I have to finish this fucker off. How will I go about doing that? Well, by drinking of course!

          I have these grand illusions. Grand grand illusions this will legitimize me somehow. I'll get this in print and into my hands someday. But what's it all mean? 11 people at best will hold it within the next 3 years. 8 of them i'll know. 7 of which it will hurt. The other may understand. the other 3 I won't know and they won't make it this far so who the fuck cares. It's odd. As this has become a reality. I've now INVESTED in this. $100 so far on artwork. I hope you think it's good. Fuck, I just remembered I'm gonna be obligated to give this thing to a few people for free. The cover artist, a few friends. Trick question, I have none. No, only 2. Everyone else is an acquaintance. I might've written about it, I might not have. 

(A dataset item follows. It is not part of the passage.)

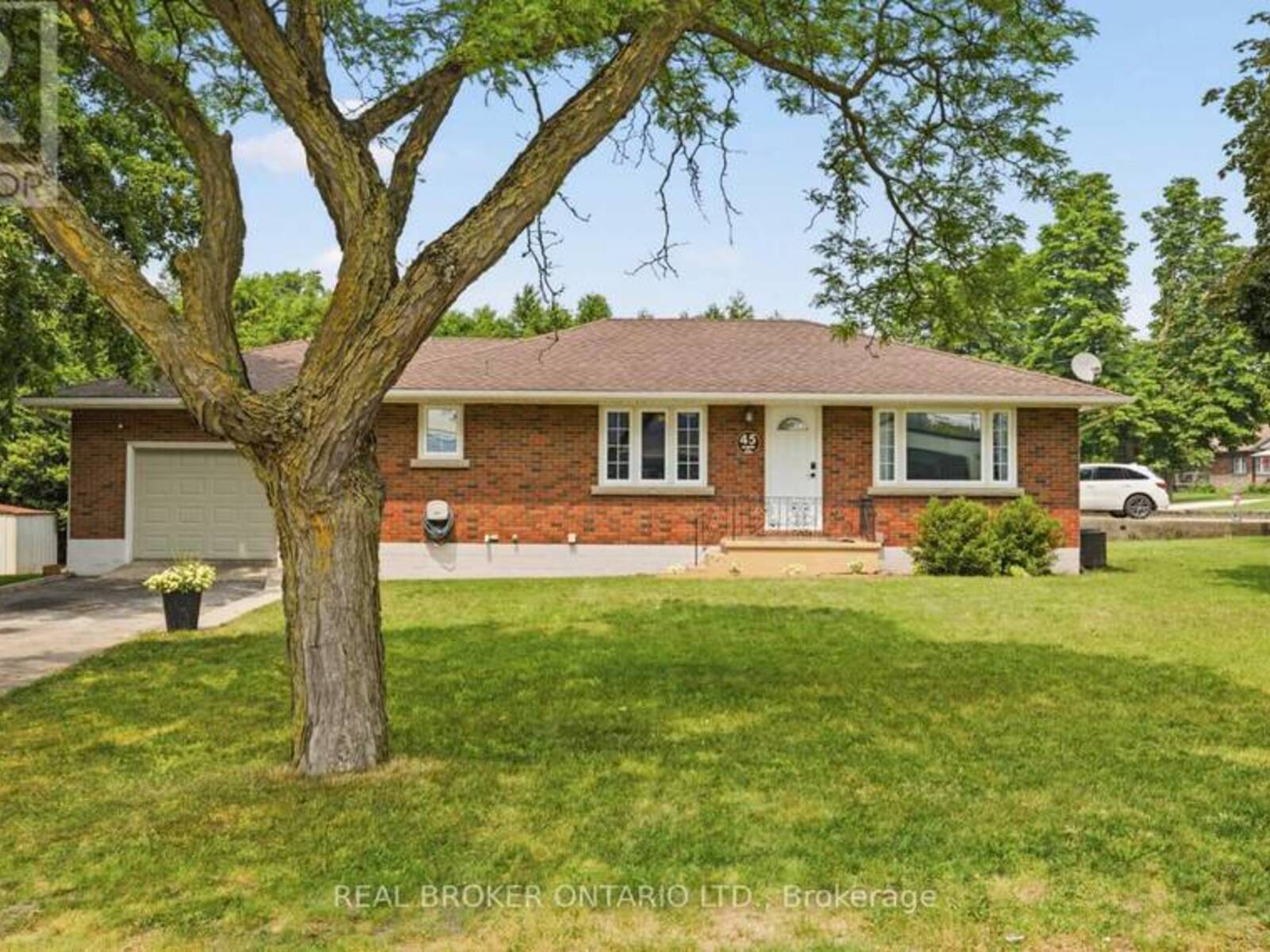 45 ARGYLE AVENUE, Delhi, Ontario N4B 1J4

                I haven't even begun editing yet. Or neurotically going through each chapter to figure out if it's worth a shit or not. I'm drunk right now. It's the only way sometimes. I loathe finishing. I can start anything. Finishing I cannot. Hence why this is how it is. It's all mish/mashed. MISH MASHED DAMMIT. These are entries and short stories from the previous few years I decided it'd be cheap enough to fucking go and print up. But labelled right, it could suffice as a paperback. Do you like it? Is it big? I don't know yet. I hope it looks okay. Shit, I don't want it to look like the only other one I've seen recently. it's bland, short and it's fucking disgusting. I commend him though. Poor guy. It's terribly small. (It's from Maryland, not yours dear boy, which by the way I still have somewhere.) It's actually very sad.

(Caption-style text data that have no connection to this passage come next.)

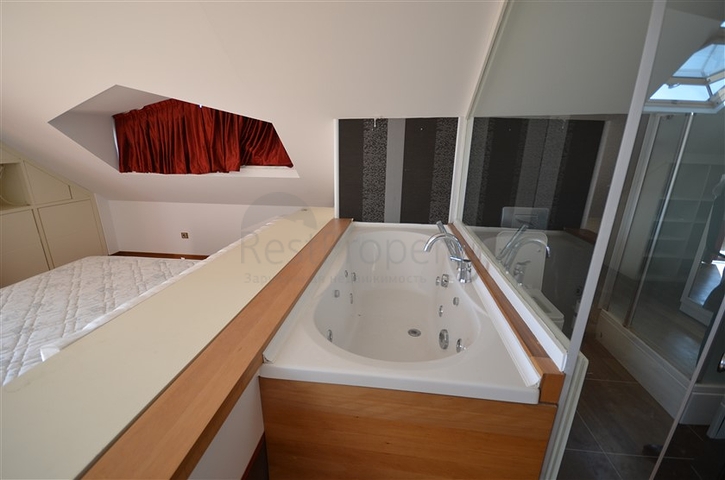 فيلا مستقلة من المالك مباشرة بإطلالة مميزة في مركز ألانيا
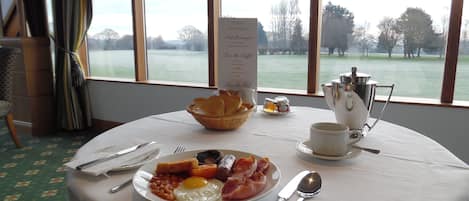Daily full breakfast (GBP 20 per person)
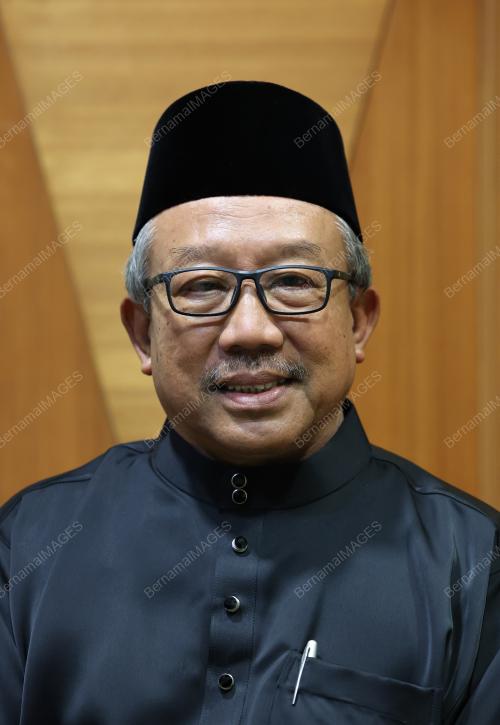 MEGAT HASHIRAT HASSAN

               If you're reading this, you either skipped to the end or you read the whole damn thing! Congratulations! By god you've done it. Was it long? Boring? Are you my mom? Hi mum! Shit, this is like the flipped dedication section. It's at the end. Hi sis! Hi Friend(s)! Hi reader! Yes you! Hello unsuspecting reader. Welcome. Well, goodbye really. 

                         In truth, I am only proud of my short stories, which there are few. But as filler, my rants and bleedings as filler aren't very good, but decent enough to fill a few pages of a few books. I don't have to print many so I won't be killing too many trees. I hope it's thick. I'll seem legit. HA! Trick of the light. This free Science Labs thermos I love. It's filled with Rum. 

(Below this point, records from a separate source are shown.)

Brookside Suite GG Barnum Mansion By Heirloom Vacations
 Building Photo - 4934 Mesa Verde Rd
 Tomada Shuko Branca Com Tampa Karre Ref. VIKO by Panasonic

    I am currently debating whether I should fill this book out with some shorter poem/ rant type things I've written. Help me decide? I should really milk it and keep this as it is untouched and put out another shorter one as my second. Don't you think? But with everything I do, I tell myself it'll be my last, and it has to be good. So I put it ALL out. Everything I have and then some. Give them their bang for their buck. So half of my mind tells me I should really proof and edit and go through and nix the weak chapters, and replace with some catchy cool shorter bits I have which I haven't looked over yet. But the other half says no, this is rock and roll. Bleed. Bleed for them. Bleed for it all. Bleed for yourself and no one else. Put it all out. For better or worse. For you. 

               But also for those who may read who right now, I can't care about. For my family. For my friends. For my future/potential spouses. For my potential children. (sorry, but this is me) For strangers. For my lovers, wives, girlfriends, flings, and those who are burning this for warmth. (and to them, may it serve you actual good) To anyone I may have to answer to, well, welcome to my head. I'm not sorry for that bit because it's me and right now it's all I've got despite how it may seem. I may dress and drive and carry myself okay, but I am not okay. But shit, I wrote a book so I must be something right? Wrong, I had no idea until last month I'd write it and I didn't really even write it AS a book. This has all been me bleeding for no one and I decided it'd be another release for me to mush it all together into a stream of shite on consecutive (wow I spelled that on the first try) pieces of paper which you are reading now to give myself a sense of relief, which I do not get even still. Am I breaking the 4th wall for you enough?

           I drink to this. I drink because of this. I drink because I realize once this is a reality, it might be too much for some to bear. I put it all out there. If you are one of the few people reading this who knows me, then you will know every time I chose not to take part in a situation, I probably retreat to my room. This is what I was doing. Instead of exploding. Instead of screaming. Instead of crying. Instead of throwing a fit. Instead of throwing an object. Instead of throwing a person. Instead of smashing my hands against walls or things or people. Instead of calling the police. Instead of having a heart attack. I wrote. I wrote about you. I wrote about me. I wrote about me and you and all of it. Everything. 

          I wrote about my take of the situation. Babies, girlfriends, friends, family, the fucked and unfucked and real fucked and the things in my head I made up as fucked and the things that were fucked and got unfucked and the things that were never fucked I believed were fucked. I admit responsibility. Don't let this change anything. As if I had the power to through print, HA! I'm listening to Bobby Charles right now. He's magical. God bless him. 

                  I had a birthday last week. 26. I don't know what 26 means.

 

               Don't take any shit from anybody.

                                                                            But don't give any to anyone either.